I also notice that unusually there are $3$ constraints for $z$, so am I right in thinking that $0\leq z \leq 1-r$ because at, say, $(0,0)$ in the projection on the $xy$ plane of $x^2+y^2=1$, we have that $z\geq 0$, $z\leq 1$ still and $x^2+y^2=(1-z)^2 \implies z=1$ which is bigger than $z\leq 1,$ hence the reason for the inequality on $z$ being as such?
 A: I'll venture a guess as to what your confusion might be about: how the solid is defined and how you're going to set up the triple integral are NOT necessarily the same thing. While the solid can be originally defined by certain constraints, you may choose a different description for it via different constraints that are more amenable to integration.

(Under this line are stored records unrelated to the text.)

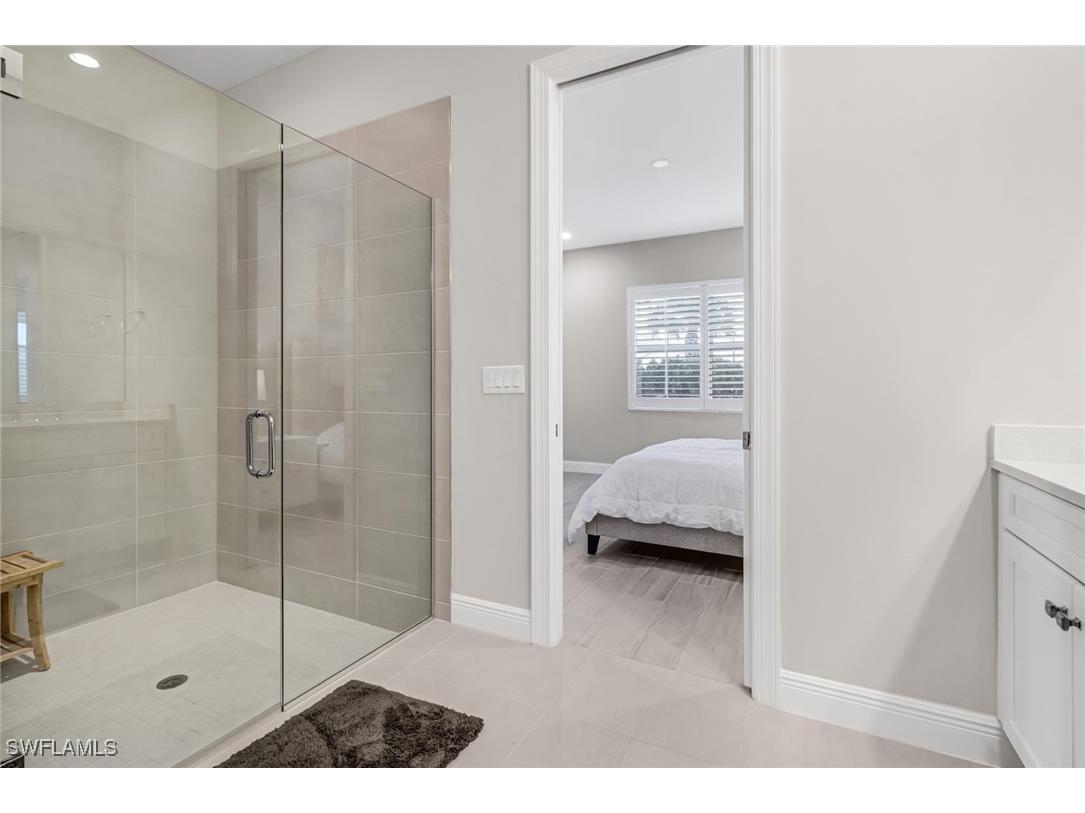 9032 Saint Lucia Drive Naples FL 34114 225025993 image10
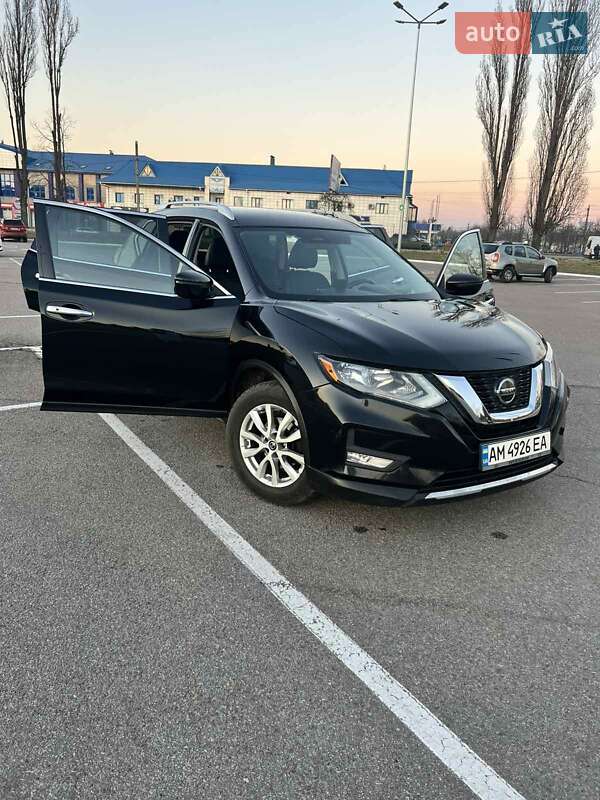 Позашляховик / Кросовер Nissan Rogue 2018 в Житомирі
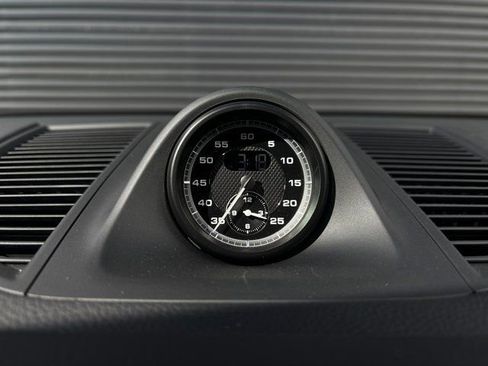 Certified 2026 Porsche Macan image 20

Say, in this example, the equation $x^2+y^2=(1-z)^2$ defines a cone that extends infinitely far up and down. So that we have a reasonable (for this question) solid — one that doesn't extend forever — we need to describe what finite part of this cone we're actually dealing with. That's what $0\le z\le1$ tells you — that you have the portion of this cone that's vertically contained between the planes $z=0$ and $z=1$. See the (quickly generated, so not so great) pictures below.
 
You need to understand that to visualize the given solid. But you do NOT have to use the same constraints to set up the corresponding triple, or rather iterated, integral. Heck, you don't even have to use cartesian coordinates, right? For this one, cylindrical would be more convenient. The base in the $xy$-plane can be obtained by plugging in $z=0$, which gives us the unit circle $x^2+y^2=1$ or $r=1$. And then, for any point in the base, $z$ ranges from $z=0$ to $z=1-r$. So the way you set up your integral is perfectly correct. Note, however, that the solid as a whole does go up to $z=1$ at the vertex.
A: I think that the constrains are as follows: $0\le z \le 1$, $0 \le r \le 1-z$, $0 \le \theta \le 2 \pi$
$\int_0^{2\pi}(\int_0^1(\int_0^{1-z}z r dr)dz)d\theta=
\int_0^{2\pi}(\int_0^1z(\int_0^{1-z} r dr)dz)d\theta$ 
$= 2\pi(\int_0^1z\frac{(1-z)^2}{2}dz)=\pi(\int_0^1zdz-\int_0^12z^2dz+\int_0^1z^3dz)$  
$=\pi(\frac{1}{2}-2 \times \frac{1}{3}+\frac{1}{4})=\pi/12$.
The Jacobian  $r$ was missed.